La naissance de la conscience ouvrière
Mars 1886 : L’insurrection ouvrière
Le mois de mars 1886 marque un tournant tragique et historique.
Ce qui commence comme une manifestation à Liège se propage comme une traînée de poudre dans le bassin de Charleroi.
Le 26 mars, les mineurs en grève sont rejoints par les ouvriers verriers et métallurgistes.
La colère, longtemps contenue, se transforme en une véritable émeute ciblée contre les symboles de cette nouvelle industrie déshumanisante.
Le saccage de la Verrerie Jonet (Lodelinsart)
La foule en colère déferle sur Lodelinsart.
Le groupe de manifestants investit notamment la verrerie Jonet. Les scènes y sont d’une grande violence matérielle : les grilles des fours sont arrachées, des morceaux de fer sont jetés dans le verre en fusion pour le saboter, et tous les précieux canons de verre sont systématiquement brisés.
Le fruit du travail artisanal est sacrifié pour faire entendre la détresse ouvrière.

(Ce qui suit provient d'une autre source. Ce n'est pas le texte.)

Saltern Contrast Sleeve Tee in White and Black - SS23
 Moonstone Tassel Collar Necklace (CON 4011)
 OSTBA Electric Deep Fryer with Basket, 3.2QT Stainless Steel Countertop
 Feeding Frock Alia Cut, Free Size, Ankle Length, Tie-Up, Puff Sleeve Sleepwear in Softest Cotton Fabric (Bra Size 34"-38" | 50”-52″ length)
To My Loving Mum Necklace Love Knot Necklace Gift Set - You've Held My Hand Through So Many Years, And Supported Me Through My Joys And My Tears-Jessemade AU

La répression et l’héritage
La réponse de l’État fut impitoyable. Le général Van der Smissen fut dépêché avec l’armée, et la région fut placée en état de siège. La révolte s’acheva dans le sang avec les tristement célèbres fusillades de Roux (faisant 19 morts parmi les ouvriers).
« Ils l’ont secouée, réveillée de sa passivité… Ils l’ont fait réfléchir à sa détresse et à sa puissance. » — À propos des martyrs de 1886.
Quel fut l’impact pour les verriers ?
Si la répression a été brutale, ces émeutes ont provoqué un électrochoc au sommet de l’État.
C’est directement à la suite de ces grèves menées par les mineurs et les verriers de la région de Lodelinsart que le gouvernement belge a commencé à légiférer, donnant naissance aux toutes premières lois sociales en Belgique (protection du travail des femmes et des enfants, paiement des salaires en argent, etc.).
Ces événements rappellent que derrière la noblesse et l’élégance du verre de Lodelinsart, il y avait aussi la sueur, le combat et la dignité d’un peuple d’artisans et d’ouvriers qui luttaient pour leur survie.